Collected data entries
=== Begin Enclosure ===

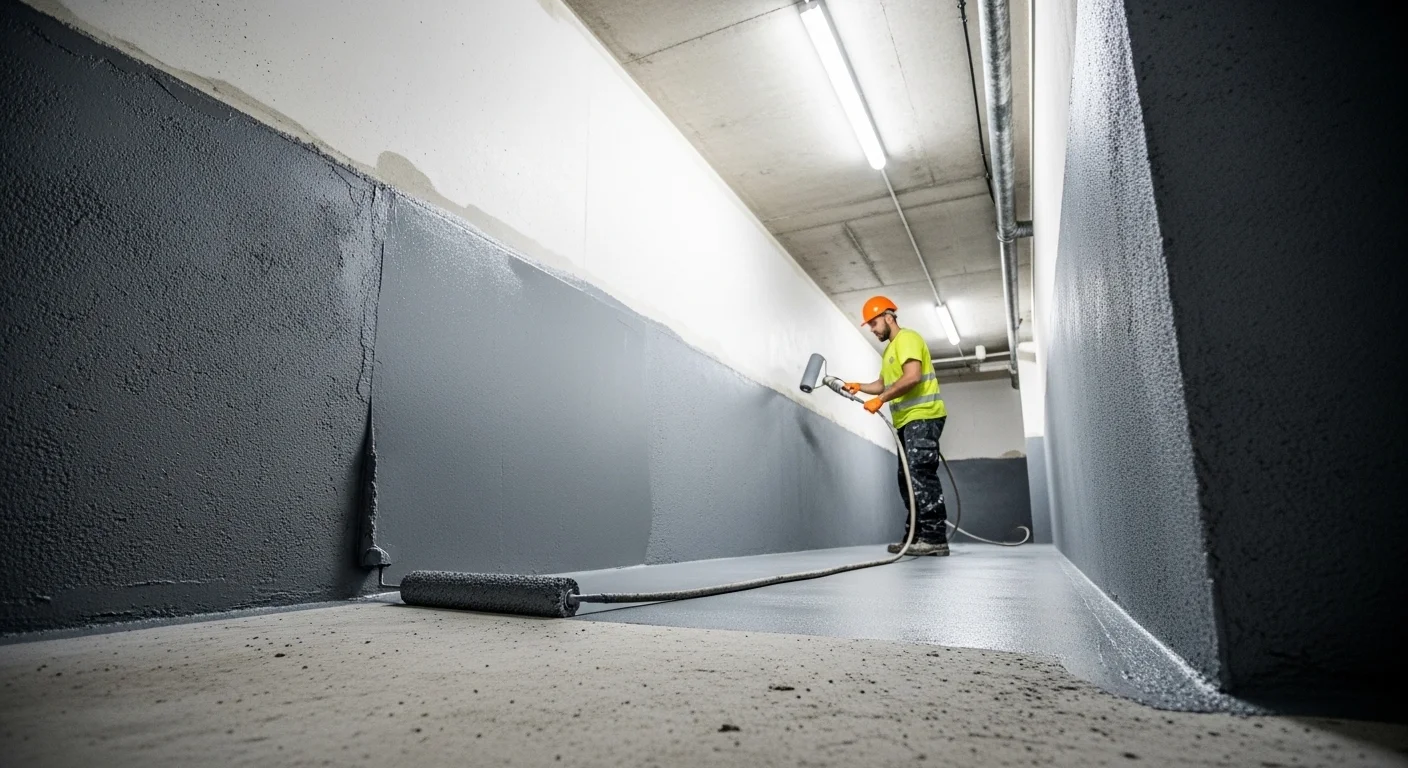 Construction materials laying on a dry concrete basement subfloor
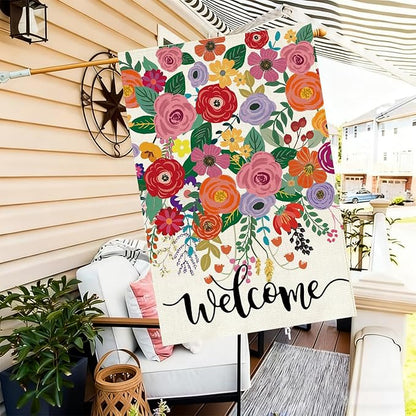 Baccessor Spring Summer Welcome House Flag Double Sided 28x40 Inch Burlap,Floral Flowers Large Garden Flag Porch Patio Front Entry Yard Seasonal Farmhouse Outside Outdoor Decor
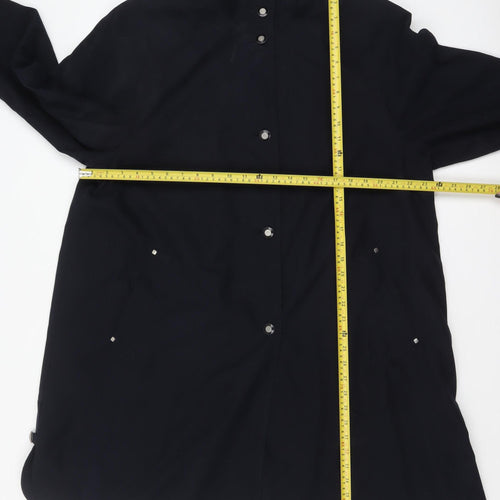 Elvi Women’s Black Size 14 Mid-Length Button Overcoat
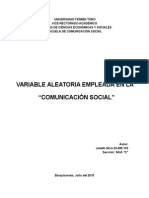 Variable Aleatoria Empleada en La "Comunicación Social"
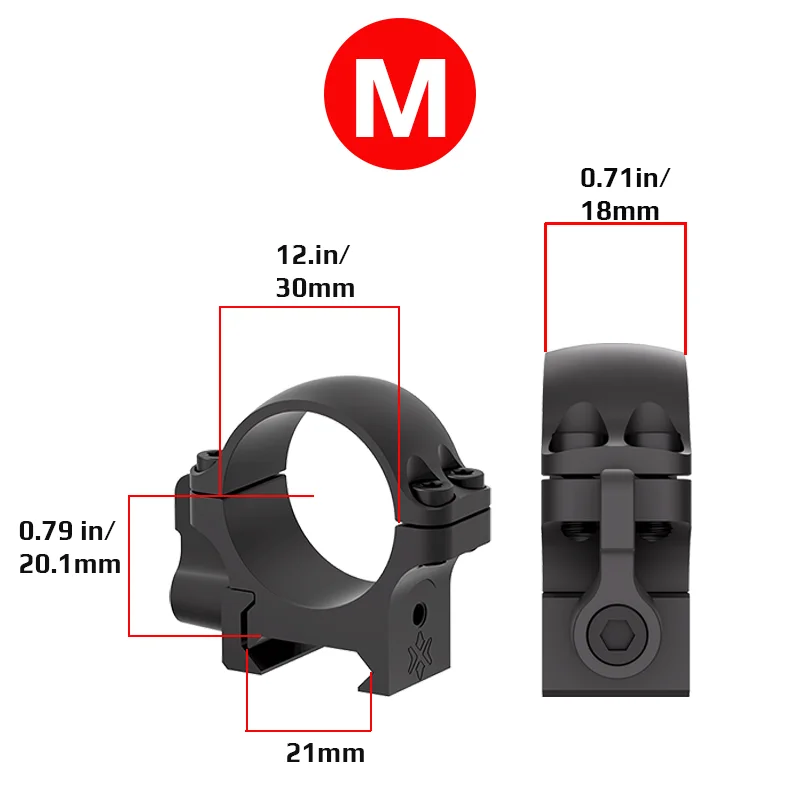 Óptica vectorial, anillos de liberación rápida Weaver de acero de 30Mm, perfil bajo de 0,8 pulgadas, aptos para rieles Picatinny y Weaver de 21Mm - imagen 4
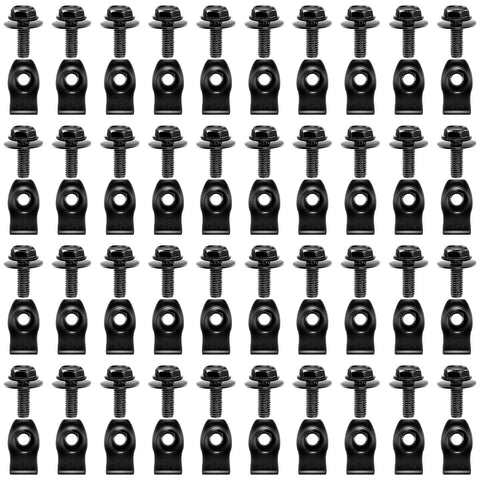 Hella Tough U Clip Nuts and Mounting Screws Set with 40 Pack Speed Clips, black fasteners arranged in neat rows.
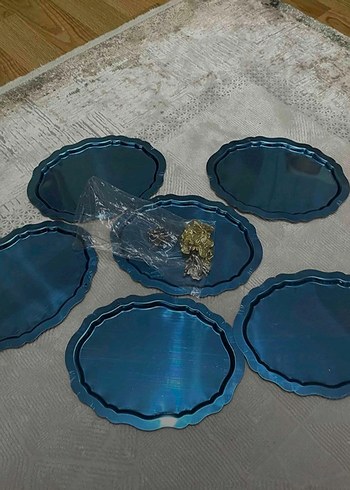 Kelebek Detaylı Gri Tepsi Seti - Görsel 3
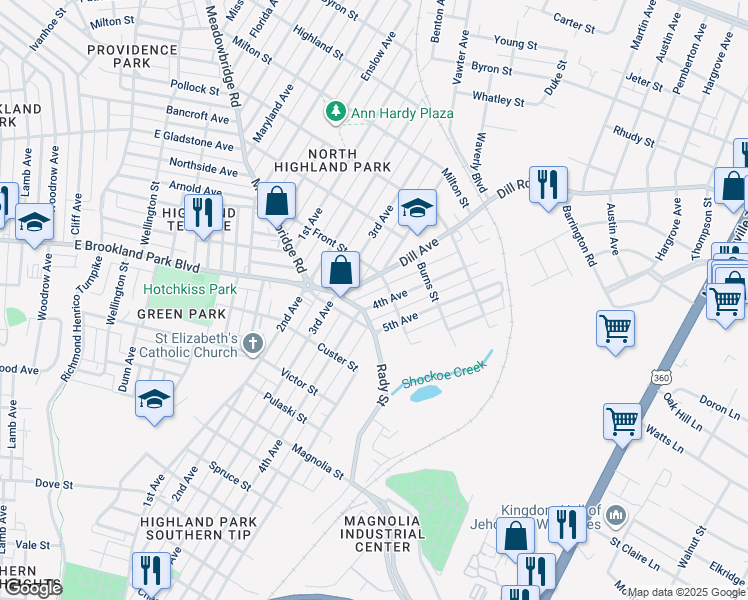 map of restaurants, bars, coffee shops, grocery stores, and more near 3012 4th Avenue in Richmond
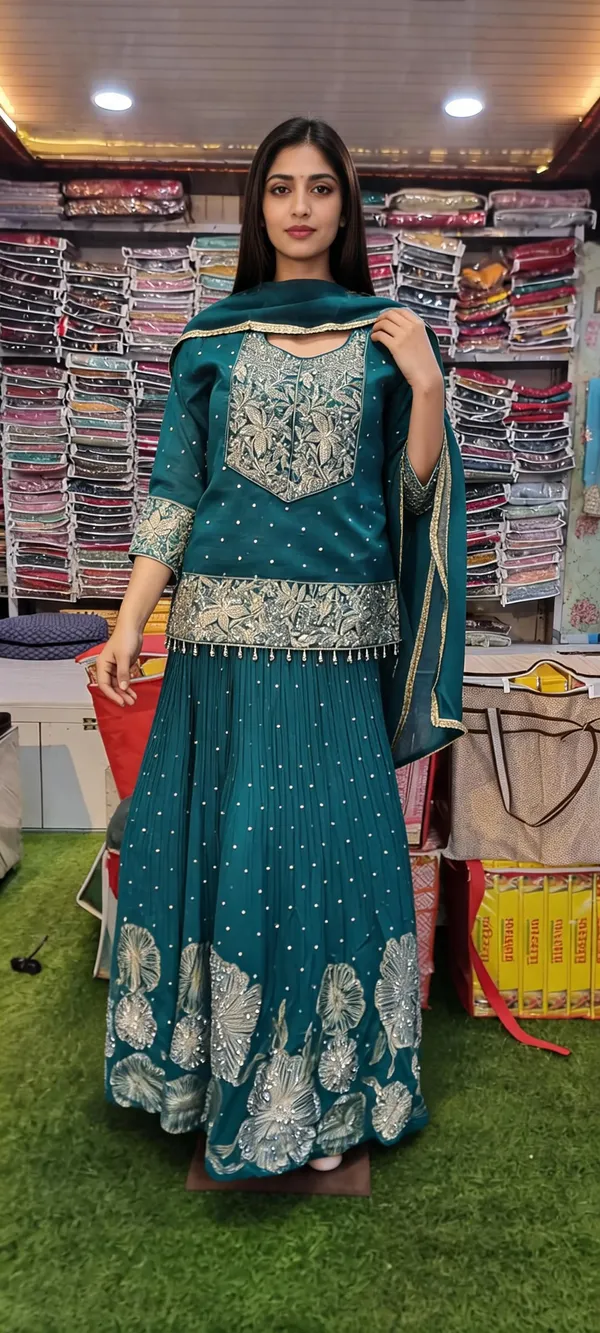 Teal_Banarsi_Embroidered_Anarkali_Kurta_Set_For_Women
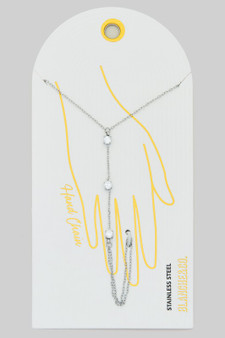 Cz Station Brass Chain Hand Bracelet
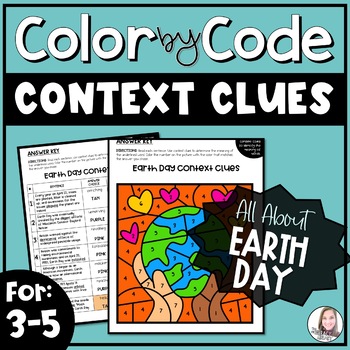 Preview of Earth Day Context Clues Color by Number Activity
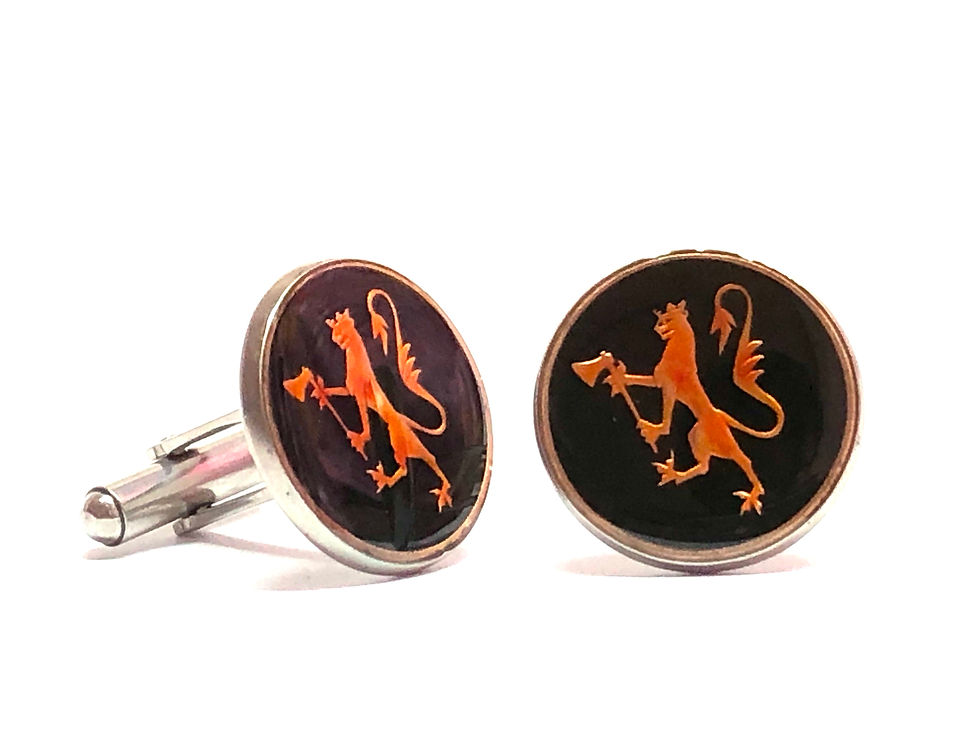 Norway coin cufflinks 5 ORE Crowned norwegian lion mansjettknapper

=== End Enclosure ===

Description of the task. Retype, exactly as written, each line from the one containing "Hella Tough U" through the end of the data above, and leave out every picture.

Exercise solution.
 Hella Tough U Clip Nuts and Mounting Screws Set with 40 Pack Speed Clips, black fasteners arranged in neat rows.
 Kelebek Detaylı Gri Tepsi Seti - Görsel 3
 map of restaurants, bars, coffee shops, grocery stores, and more near 3012 4th Avenue in Richmond
 Teal_Banarsi_Embroidered_Anarkali_Kurta_Set_For_Women
 Cz Station Brass Chain Hand Bracelet
 Preview of Earth Day Context Clues Color by Number Activity
 Norway coin cufflinks 5 ORE Crowned norwegian lion mansjettknapper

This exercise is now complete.